Summary¶
In my last article, I talked about the final changes that I needed to make to get the PyMarkdown project ready for its initial release. In this article, I take a bit of a break from pushing towards release to work on some refactoring.
Introduction¶
Having taken up a lot of energy in the past month or so to get the initial release of the PyMarkdown project done, I was tired. Not so tired that I could not look at a computer screen, but tired of the push towards the goal of the initial release. And like anyone pushing towards a goal who then reaches that goal, I knew that the healthy thing to do was to take a bit of needed downtime before I get back to the issues waiting for me on the PyMarkdown project.
There is a catch though: I do not like sitting still. Even when I am relaxing, I like doing something like reading, working on a puzzle or a puzzle book, or trying something new out. It is not that I do not care for relaxing, quite the contrary. It is just that getting something done helps me feel more at piece, even something as simple as taking care of one of my chores around the house. One more thing done, one less thing to worry about. And I knew that I did not want a big break from writing Python code, I just wanted a small break from writing code for the PyMarkdown project.
Looking at the various things that I could spend time on Python-wise, there was
one thing that caught my eye: the application_properties.py
module.
What Is the Audience for This Article?¶
While detailed more eloquently in
this article,
my goal for this technical article is to focus on the reasoning behind my solutions,
rather that the solutions themselves. For a full record of the solutions presented in
this article, please consult the PyMarkdown
commit of
06 Jun 2021
and the application_properties
commits between
02 Jun 2021
and
06 Jun 2021.
Why That Module?¶
When I was looking over my list of various things that I could work on during my
break, there was one prevalent theme among the Python oriented projects:
foundational objects. In each case, they needed simple configuration support,
simple logging support, and simple file determination support. While I needed
to think about how to better deal with logging and file determination in the
future, I already had a good solution for configuration that I had developed
for the PyMarkdown project: the application_properties.py
module.
But what was the best way to move that to the other projects that I wanted to start working on?
The Basics¶
Created back in March, this article details the thinking around why I created that module. My decision to create “another” properties system was not an easy one to make. However, after listing out my requirements for any properties system, I was not able to find any existing system that had the level of quality and readability that I wanted for a properties system. As such, I felt the best alternative was to create a properties system that met those requirements.
With the PyMarkdown project, I felt strongly about documenting what I was thinking about and going through as I was creating the project. As the properties system was an important part of the interface, I dedicated an entire article to explain why I created that system. And while I will not repeat every single point made in that article, I believe there is benefit in highlighting two of the important points of that article.
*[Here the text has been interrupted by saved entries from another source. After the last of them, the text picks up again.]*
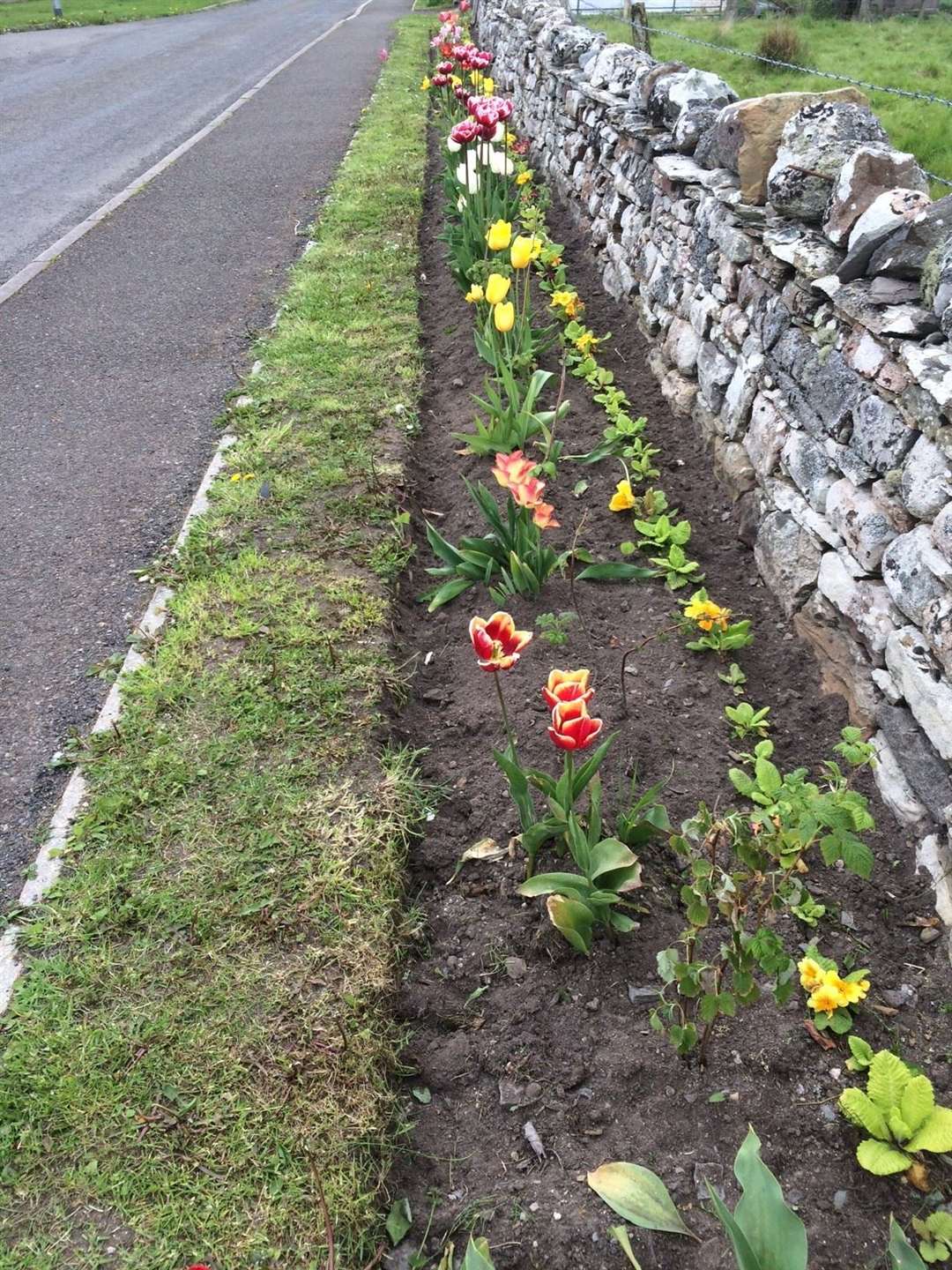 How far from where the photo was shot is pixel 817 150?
290 cm

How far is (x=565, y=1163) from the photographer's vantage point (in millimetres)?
1779

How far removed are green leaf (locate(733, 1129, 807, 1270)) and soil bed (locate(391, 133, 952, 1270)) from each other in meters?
0.25

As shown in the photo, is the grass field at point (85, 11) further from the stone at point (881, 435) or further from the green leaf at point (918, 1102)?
the green leaf at point (918, 1102)

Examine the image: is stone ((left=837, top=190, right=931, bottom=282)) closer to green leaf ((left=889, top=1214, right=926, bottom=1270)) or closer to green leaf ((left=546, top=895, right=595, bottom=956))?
green leaf ((left=546, top=895, right=595, bottom=956))

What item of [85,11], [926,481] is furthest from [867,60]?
[85,11]

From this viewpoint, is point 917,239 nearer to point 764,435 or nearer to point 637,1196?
point 764,435

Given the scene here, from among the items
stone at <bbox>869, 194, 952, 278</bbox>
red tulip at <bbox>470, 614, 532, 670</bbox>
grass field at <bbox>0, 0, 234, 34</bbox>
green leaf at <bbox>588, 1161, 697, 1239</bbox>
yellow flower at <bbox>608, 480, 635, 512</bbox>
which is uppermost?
grass field at <bbox>0, 0, 234, 34</bbox>

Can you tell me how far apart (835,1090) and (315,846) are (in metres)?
1.30

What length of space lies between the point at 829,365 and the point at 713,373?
100 cm

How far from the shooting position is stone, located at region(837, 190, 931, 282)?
2.43m

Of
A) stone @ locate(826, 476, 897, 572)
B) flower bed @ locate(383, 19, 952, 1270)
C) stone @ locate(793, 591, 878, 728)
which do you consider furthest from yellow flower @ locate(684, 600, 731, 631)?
stone @ locate(826, 476, 897, 572)

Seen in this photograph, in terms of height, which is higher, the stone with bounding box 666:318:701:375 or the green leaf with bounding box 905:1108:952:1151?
the stone with bounding box 666:318:701:375

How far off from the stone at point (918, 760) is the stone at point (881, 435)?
0.63 meters

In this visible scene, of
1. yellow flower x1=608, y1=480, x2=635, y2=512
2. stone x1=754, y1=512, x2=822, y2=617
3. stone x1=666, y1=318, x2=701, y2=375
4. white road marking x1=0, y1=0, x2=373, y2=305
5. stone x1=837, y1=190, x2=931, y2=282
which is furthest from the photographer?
white road marking x1=0, y1=0, x2=373, y2=305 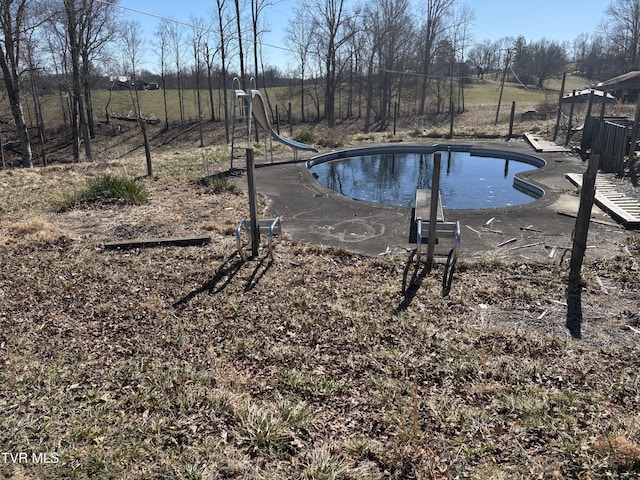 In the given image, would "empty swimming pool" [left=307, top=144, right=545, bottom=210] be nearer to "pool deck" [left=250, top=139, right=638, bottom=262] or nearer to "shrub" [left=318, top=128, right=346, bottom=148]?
"shrub" [left=318, top=128, right=346, bottom=148]

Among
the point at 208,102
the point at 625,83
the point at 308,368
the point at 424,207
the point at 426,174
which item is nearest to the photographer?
the point at 308,368

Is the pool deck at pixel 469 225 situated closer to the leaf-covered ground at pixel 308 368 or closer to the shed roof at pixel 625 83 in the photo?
the leaf-covered ground at pixel 308 368

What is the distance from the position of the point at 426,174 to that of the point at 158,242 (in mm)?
11829

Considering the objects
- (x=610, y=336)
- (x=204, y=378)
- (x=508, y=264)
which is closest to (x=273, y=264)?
(x=204, y=378)

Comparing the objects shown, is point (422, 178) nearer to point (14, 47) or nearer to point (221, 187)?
point (221, 187)

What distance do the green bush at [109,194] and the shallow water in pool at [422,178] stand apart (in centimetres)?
603

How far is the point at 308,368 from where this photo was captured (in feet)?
14.7

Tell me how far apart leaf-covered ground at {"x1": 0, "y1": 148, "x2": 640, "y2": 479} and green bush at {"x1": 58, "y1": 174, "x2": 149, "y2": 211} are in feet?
10.5

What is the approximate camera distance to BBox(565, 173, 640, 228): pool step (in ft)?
29.0

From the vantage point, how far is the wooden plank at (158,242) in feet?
26.0

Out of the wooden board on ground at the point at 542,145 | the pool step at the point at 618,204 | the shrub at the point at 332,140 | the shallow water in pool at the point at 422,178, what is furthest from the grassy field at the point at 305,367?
the shrub at the point at 332,140

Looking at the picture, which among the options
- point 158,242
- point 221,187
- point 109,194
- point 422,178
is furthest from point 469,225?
point 109,194

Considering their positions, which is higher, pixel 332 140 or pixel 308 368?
pixel 332 140

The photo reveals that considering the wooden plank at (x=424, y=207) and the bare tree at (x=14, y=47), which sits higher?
the bare tree at (x=14, y=47)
The first point that I made is that I believe that every configuration system can be evaluated on five core concepts: basic property support, command line support and environment support, validation support, grouping support, and finally hierarchy support. Basic property support is the provision of basic operations to get the property value out of the configuration system. Command line support and environment support assume that some manner of file support is a given and ensuring that the user can override the configuration from either the command line, the environment, or both is an extra. Validation support speaks to any functionality that is provided to help the caller determine the correctness of a configuration value without having to further handle the value returned from the system. Grouping support is the ability of the configuration system to recognize some manner of grouping configuration items that have a common purpose together. Finally, hierarchical support provides for an extra level of understanding of what configuration items belong together with which other configuration items.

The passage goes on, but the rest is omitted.